| Task objective |
Look below for the line containing "You've got two", then write out that line and every line after it to the end, exactly, minus the pictures.

| Material shown |
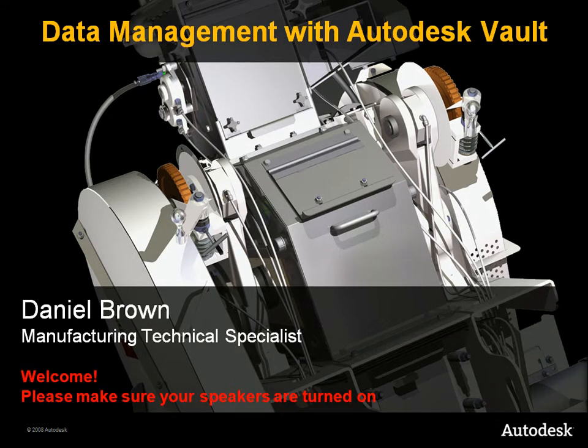Hello and welcome to our data management with Autodesk Vault webcast. My name is Daniel Brown and I'm a manufacturing technical specialist at Autodesk. I'm happy that you could join us today.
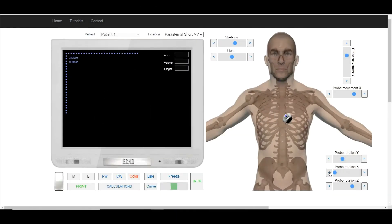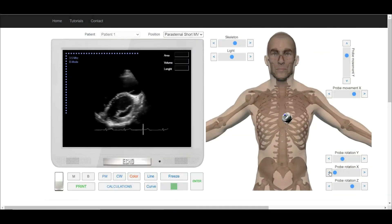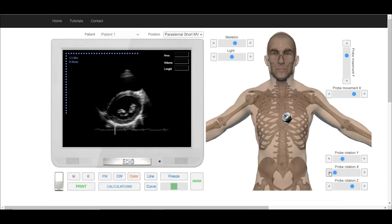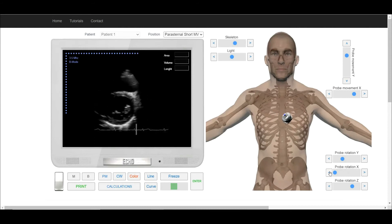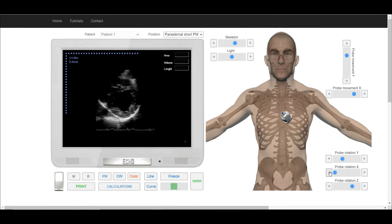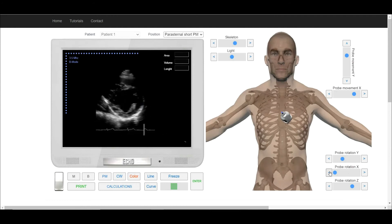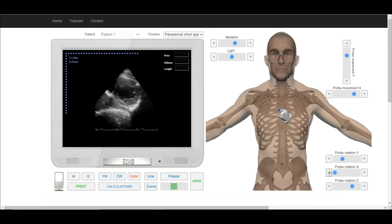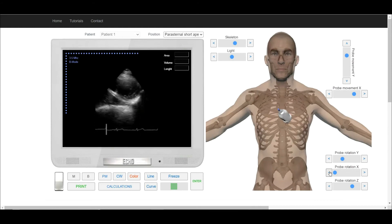Tilt the transducer a little down and we will see the short axis at the level of the mitral valve. Tilt a little more and we will see the short axis at the level of the papillary muscles. Tilt a little more and we will see the short axis at the level of the apex.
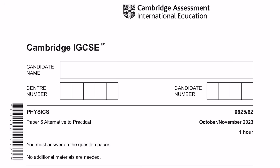Hey guys, welcome to Learn Today RGCSE. This video is a tutorial on Physics, Paper 6, Variance 6-2 for October-November 2023 examinations.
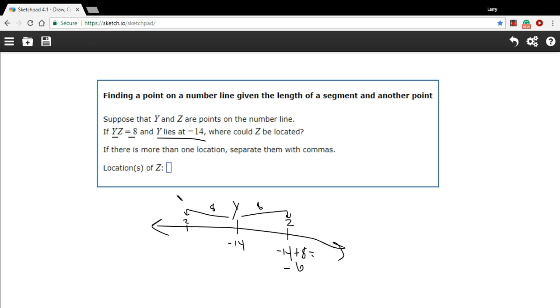When we move to the left on the number line, we're subtracting. So this value right here is negative 14 minus 8, which is negative 22.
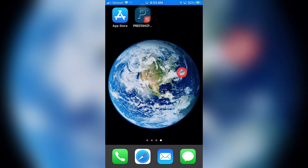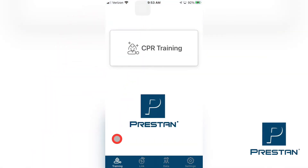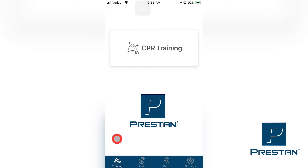The Preston CPR Feedback App contains a number of tabs at the bottom of the screen that can be used to manage and control the device and the data. These include the training tab, the link tab, the data tab, and the settings tab.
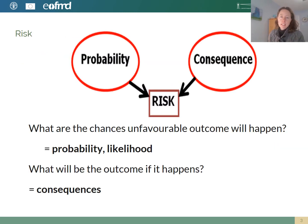In risk analysis, we consider that risk is made up of two components. The first component considers the chances of an unfavorable outcome happening, and we call this the likelihood or probability. The second component considers what will be the outcome or consequence of that unwanted event.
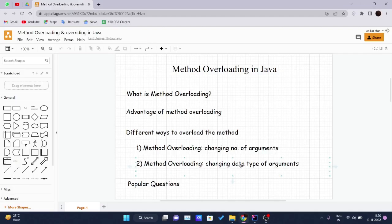Hello and welcome back to the new video of the Java tutorial series. Today we will be covering method overloading in Java. What is method overloading? If a class has multiple methods having the same name but they differ in parameters, then it is known as method overloading. If two methods have the same name — for example, 'sum' — they differ in how many parameters they accept.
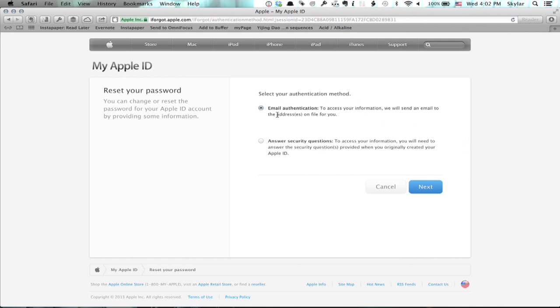You've got two methods here: email authentication or answer security questions. If you choose email authentication, it'll send a password reset form to the email address on file for your Apple ID, generally the Apple ID itself.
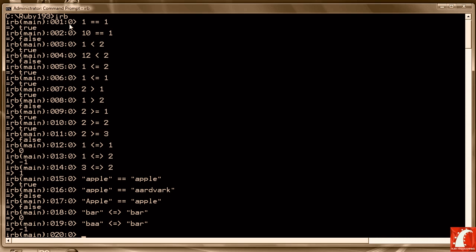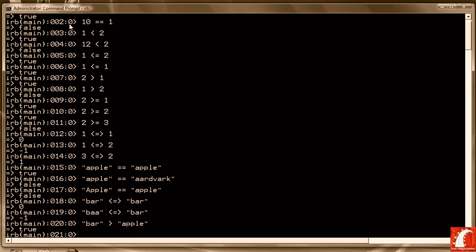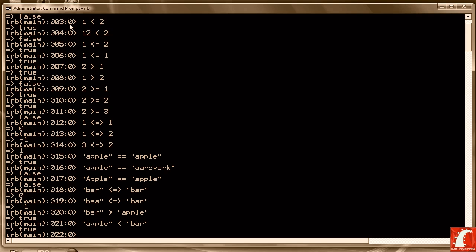In this particular example the b's are equal, the first a's are equal, but the second a is less than the r, so 'bar' is less than 'bar'. You can also do greater than or less than comparisons with strings. 'bar' > 'apple' because b is greater than a, and you can reverse that — 'apple' < 'bar' is also true because a is less than b.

| Your solution |
You've got two methods here: email authentication or answer security questions. If you choose email authentication, it'll send a password reset form to the email address on file for your Apple ID, generally the Apple ID itself.
In this particular example the b's are equal, the first a's are equal, but the second a is less than the r, so 'bar' is less than 'bar'. You can also do greater than or less than comparisons with strings. 'bar' > 'apple' because b is greater than a, and you can reverse that — 'apple' < 'bar' is also true because a is less than b.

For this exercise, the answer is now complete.